С конца 1957 года я ждал Казакова, и, наконец ровно через семь лет, к моей горячей радости, он приехал в Алма-Ату. За это время он стал признанным писателем. Сам довольно много писал, и о нем много и охотно писали. Стали даже появляться у него поклонники и подражатели. Как бы ни была богата и разнообразна талантами русская литература, кто из нас не понимал тогда особой свежести, самобытности и удивительной неповторимости творчества молодого Казакова! После памятного периода «лакировки» действительности мы не могли не испытывать глубокой благодарности к молодому писателю за его необычно искренние и поэтичные рассказы.
Мне не приходилось быть свидетелем того, как он пишет, и сам он никогда не касался этой тайны. Не знаю, что обычно служило ему первоначальным толчком. Но, как почитатель его, пристрастный и постоянный, я скорее интуитивно догадывался, чем знал, что первоосновой этих удивительных рассказов служило обычно не событие, не реальное происшествие, не какой-нибудь подмеченный оригинальный человеческий характер, а, скорее, поэтический заряд, внутренний лирический настрой, интонация и ритм души самого автора. Вот что было тут истоком. Казаков должен был работать, как Бунин, всегда мучительно искавший прежде всего звук, мелодию рассказа, тональность. Казаков, казалось, настраивал себя заранее на лирический лад, чтобы острым и чутким слухом уловить звук, и этот звук предопределял в дальнейшем весь поэтичный строй будущего произведения, а остальные компоненты, скажем, сюжет, фабула, композиция, отыскивались уже по ходу работы.
Настойчиво обращаясь в своих рассказах к чувствам и мыслям современников, Юрий Казаков в немалой степени способствовал возрождению великой традиции русской лирической прозы во всем ее былом великолепии, он в этом благородном деле много преуспел, казаковская лирическая проза стала украшением советской литературы шестидесятых годов. Он принадлежал к тем немногим писателям, что отмечены редкостной искренностью таланта. Это качество выделяло среди сверстников его и без того самобытную и крупную фигуру.

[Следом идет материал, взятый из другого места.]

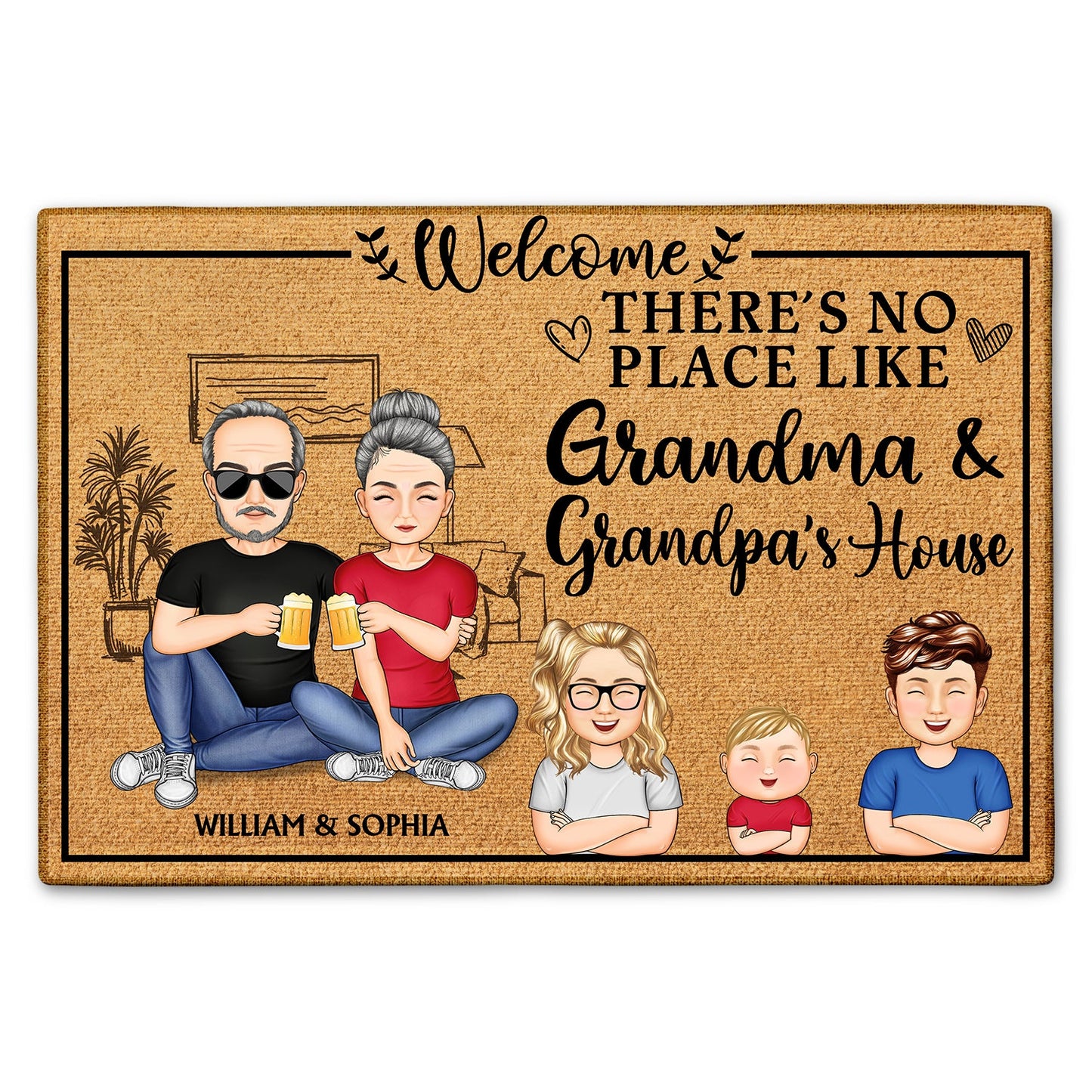 There's No Place Like Grandma And Grandpa's House - Home Decor Gift For Grandparents, Couple, Pet Lovers - Personalized Custom Doormat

И вот он приехал к нам сложившимся писателем, с именем, со славой. Я, понятно, робел. В этом человеке все оказалось крупно и неожиданно внушительно, начиная с роговых очков с толстыми стеклами: огромный лысеющий череп, сильный рот с надменно оттопыренной нижней губой, крупный нос с горбинкой. И характер у него оказался крутой и резкий. Я почувствовал, что нелегко будет нам сладиться. А ведь предстояла совместная работа, где надо не только обсуждать и обговаривать, но и отстаивать свою точку зрения, не всегда соглашаясь с замечаниями партнера, особенно (как потом это и случилось) когда он после прочтения подстрочника стал ловить в моем тексте, в диалогах героев, как он выражался, аляповатости. Он терпеть не мог фальши, самой ничтожной неточности, злился, например, когда какой-нибудь мой рыбак или пастух говорил умно и красноречиво. Относил он все это на счет моей писательской незрелости.

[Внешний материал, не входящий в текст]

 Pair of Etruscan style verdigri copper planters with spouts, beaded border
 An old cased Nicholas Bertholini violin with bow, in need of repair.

Со своей стороны, я старался объяснить своему несговорчивому переводчику, что-де в силу сложившихся объективных исторических обстоятельств всякий кочевник независимо от социального положения все свои природные способности, какими он был наделен от рождения, вкладывал в искусство речи, оттачивал его всю жизнь, ибо человеческое достоинство степняков не всегда и не везде оценивалось по богатству или по знатности рода, а больше по искусству красноречия. Поэтому до недавнего еще времени устная народная поэзия процветала у казахов наряду с профессиональной письменной литературой, а юриспруденцию в патриархально-родовой степи заменяли словопрения биев-ораторов. От частной ссоры до тяжбы между родами — все решалось в публичных состязаниях этих же биев, где верх брала искусная, блестящая речь, где ценились находчивость и гибкость ума. И поныне в степи сохраняется культ красноречия, и поныне гостя принимают и провожают не по одежде, а по уму, по умению говорить. Степняка, когда он в пути, когда разъезжает из аула в аул, кормит в основном его язык.

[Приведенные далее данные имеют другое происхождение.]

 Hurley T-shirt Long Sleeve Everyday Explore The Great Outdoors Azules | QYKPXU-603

Я говорил обо всем этом, Казаков курил, слушал внимательно, не обнаруживая, однако, своего отношения. Потом мы вышли на улицу, молча пошли по берегу горной речушки; мне показалось, что он забыл о том, что я говорил перед этим; он начал раскуривать вторую или третью папиросу, и, когда я, наконец, потерял всякую надежду услышать что-либо, он, слегка заикаясь, заговорил:
— Е-если да-же заведено было у вас та-ак, как ты говор-и-шь... ты же после выхода своей к-ни-иги на русском я-языке не-е мо-жешь подойти к ка-каждому русскому чи-та-телю и объя-яснять это. Поэтому диалоги простых людей, н-ну... ск-ажем, рыбаков, пастухов, упростим, а ба-ям и м-мур-зам оставим красноречие, как оно есть в тексте.
Так и порешили.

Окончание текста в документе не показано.